A sobreposição das duas distribuições reflete um trade-off entre falsos positivos e falsos negativos. Se você está realmente preocupado em tornar um tipo de erro o mais improvável possível, você aumenta a probabilidade do outro. Nunca podemos saber com certeza, então a ideia de estar exatamente certo em todos os casos não é possível. Portanto, temos de decidir o limiar de confiança de que precisamos para excluir alguém do nosso grupo. Será que nos sentimos confortáveis com uma probabilidade de 5% de estarmos incorretos? Uma probabilidade de 50% de estarmos incorretos? No gráfico acima, “qualquer média” se refere à frequência com que você está disposto a estar errado depois de operar o seu juízo em um grande número de casos. Para decidirmos quão confortáveis devemos estar com falsos positivos e falsos negativos, precisamos ter uma noção dos custos de cada tipo de erro.

Qual é o custo real de um fascista não detectado em nosso grupo?

Qual é o custo real de ejetar alguém que poderia e ajudaria a fazer a revolução?

Agora, estas são questões muito interessantes e altamente discutíveis. Os futuros revolucionários terão de se dedicar a responder a estas questões. Atualmente, o principal ponto a compreender é que a cultura de esquerda contemporânea não pensa, muito menos debate, estas questões. A atual cultura de esquerda opera no pressuposto de que o custo de um falso negativo é muito elevado e que o custo dos falsos positivos é muito baixo. Não é preciso ser um cientista social para prever o que vai acontecer: você será muito eficaz em garantir que nenhum nazista esteja se escondendo em seus grupos, mas você também vai garantir que muitas pessoas boas sejam expulsas.
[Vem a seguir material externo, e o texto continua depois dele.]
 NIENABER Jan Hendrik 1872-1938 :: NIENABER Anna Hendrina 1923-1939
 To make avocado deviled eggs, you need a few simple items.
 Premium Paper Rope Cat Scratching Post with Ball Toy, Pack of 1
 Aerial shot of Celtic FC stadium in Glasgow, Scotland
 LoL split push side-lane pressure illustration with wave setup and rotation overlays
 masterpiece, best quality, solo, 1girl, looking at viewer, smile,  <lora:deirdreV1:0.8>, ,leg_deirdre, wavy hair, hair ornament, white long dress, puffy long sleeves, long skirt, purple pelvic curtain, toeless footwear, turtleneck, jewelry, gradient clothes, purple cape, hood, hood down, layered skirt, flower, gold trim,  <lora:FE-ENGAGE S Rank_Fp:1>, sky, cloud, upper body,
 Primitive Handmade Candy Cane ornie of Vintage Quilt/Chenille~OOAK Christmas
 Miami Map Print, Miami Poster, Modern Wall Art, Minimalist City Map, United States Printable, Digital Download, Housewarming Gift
A Dinâmica Temporal Não-Linear do Esquerdismo Paranoico

Então, o que acontecerá se operarmos com base neste conjunto de suposições? Digamos que começamos com um número considerável de camaradas antifascistas, 100, digamos. No começo, talvez você encontre algumas pessoas na rua que se parecem com nazistas, então você diz a eles que não podem estar em seu movimento e eles vão para casa muito tristes. Essas pessoas acabam sendo boas pessoas, então na verdade você perdeu alguns apoiadores em potencial, mas seu grupo ainda é de 100 pessoas, então nada demais. Essas pobres pessoas são dispensáveis, um custo infeliz de sua nobre responsabilidade de manter as ruas limpas. Mas algumas semanas depois, alguém acusa um de seus próprios membros de ter simpatias fascistas, então o grupo decide expulsá-lo. Acontece que eles eram um membro secreto da KKK, então todo mundo está encantado com o seu bom senso! Você decide que todos devem estar ainda mais atentos aos fascistas, então você aumenta sua taxa de erro de Tipo 1 permitida ainda mais para cima. Então, na semana seguinte, você expulsa dois membros que mais tarde se provariam boas pessoas que teriam feito muito mais bem do que mal se tivessem ficado no grupo. Aqui, o poder do seu grupo diminui concretamente, devido aos seus erros, mas apenas um pouco. Ele diminui em uma quantidade de 2 unidades de potência, digamos, o poder perdido dessas duas pessoas. Algumas preocupações sobre isso são levantadas dentro do grupo, mas todos decidem que é apenas um infeliz subproduto de manter o grupo seguro. É aqui que você começa a obter efeitos não-lineares que poucos radicais querem levar em consideração.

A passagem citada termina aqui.